To visualize or observe the relationship between variables the best method you can use is to plot them in a graph known as a scatter diagram. It uses cartesian coordinates to display the value of the variable in a data set. we need to plot dots on the horizontal and vertical axis this will inform us of the value of respective data points. We use a scatter plot in such conditions when one variable is under the control of the experiment and the other one depends on the first one. If both continuous variables are independent then we can plot the through scatter plot. We plot dependent variables on the vertical axis and independent variables on the horizontal axis. If the dependent variable is not present then either type of variable can be plotted on either axis and in this condition the scatter plot will only display the correlation between two variables no causation will be displayed in this case.

Scatter diagram 

A scatter diagram is a method of demonstrating the relationship between two variables by positioning dots. Scatter diagram is also known as scatter plot, scatter charts, scatter graphs. By just looking at the several points we can determine the degree of correlation. The degree of the relation of the variable to one another is determined by how the points are distributed over the graph. The degree of correlation depends on the scattering of points on the graph. More the points plotted lesser will be the degree of correlation. The degree of correlation is denoted by the letter r.

Different types of scatter diagrams

1.Perfect positive correlation- when r = +1. This is the condition when all the points lie on the straight line from the bottom left corner to the top right corner.

  1. Perfect negative correlation- in this condition r=-1. It is when all the points lie on the straight lie but upside down i.e., they fall from the upper left to the lower right corner.
  2. High degree of positive correlation- in this condition points don’t lie exactly on the line but fall near the straight line and they are said to be positive as they show the rising trends from the lower-left corner to the upper right.
  3. lower degree of positive correlation- as this graph shows rising tendency it is positive but due to the highly scatter points over the graph it is termed as low degree positive correlation.
  4. High degree of negative correlation- it is the extended version of negative correlation in which the point plotted falls near narrowband and shows characteristics of negative correlation.
  5. low degree of negative correlation- as the graph, in this case, shows a falling tendency this is known as a negative correlation.

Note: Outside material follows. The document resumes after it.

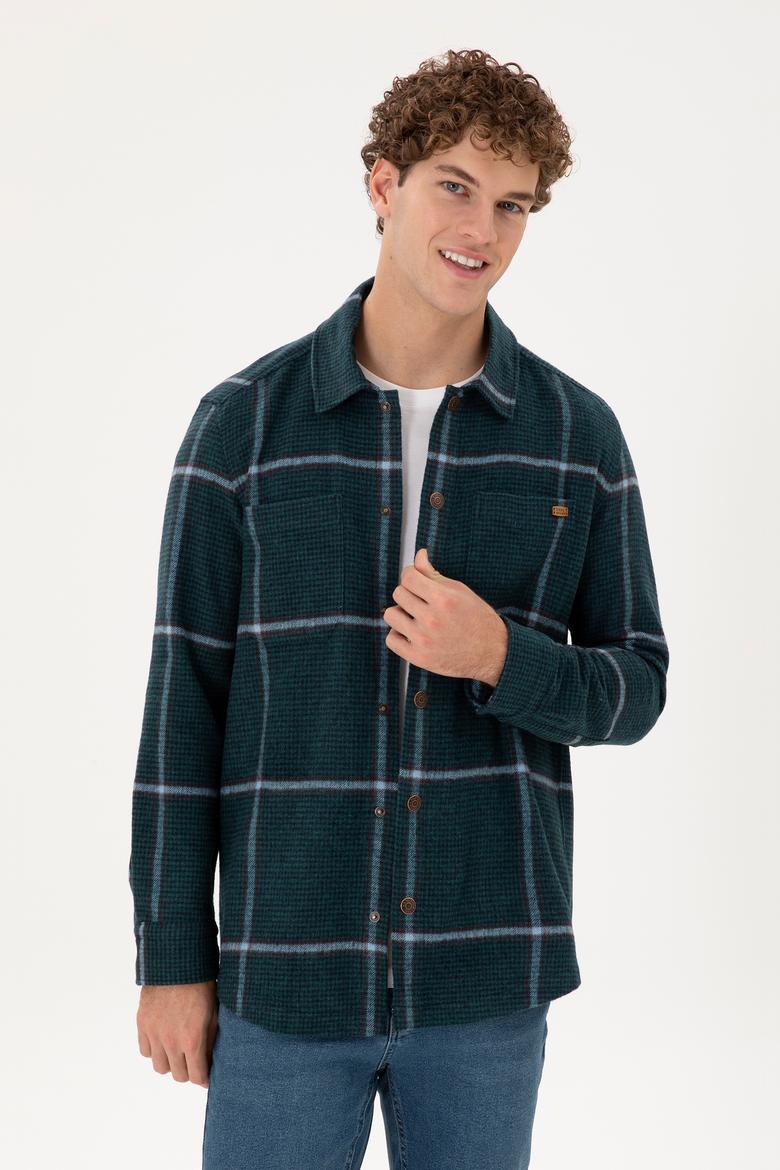 Erkek Koyu Yeşil Uzun Kollu Gömlek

With that in this type of graph, points are scattered over the graph which makes it a low degree of negative correlation.
  6. No correlation – it is a graph in which the points are located in a chaotic order. They do not show any pattern in this case correlation tends to zero. So, r=0.

Applications of scatter diagrams

  1. The first and foremost application is it tells us the relationship between two variables by the means of plotting the points in the scatter plot.
  2. Another important use of scatter plot is they tell us the type of correlational relationships. In the case of independent variables points are located on the horizontal axis and in the case of the dependent variable the points lie on the vertical axis.
  3. Scatter plots help us to identify the pattern of data. It can be a positive correlation, negative correlation and null mean no correlation.

Correlation as causation

In a scatter plot we study the relationship between two variables but it never means that the change in one variable is responsible for the change in the other; this means that the correlation does not imply causation. This isn’t so much a problem while making a scatter plot as it is with interpreting it. It’s possible that the correlation does not imply causation is influenced by a third variable that affects both of the plotted variables, that the causal link is reversible, or that the pattern is purely coincidental.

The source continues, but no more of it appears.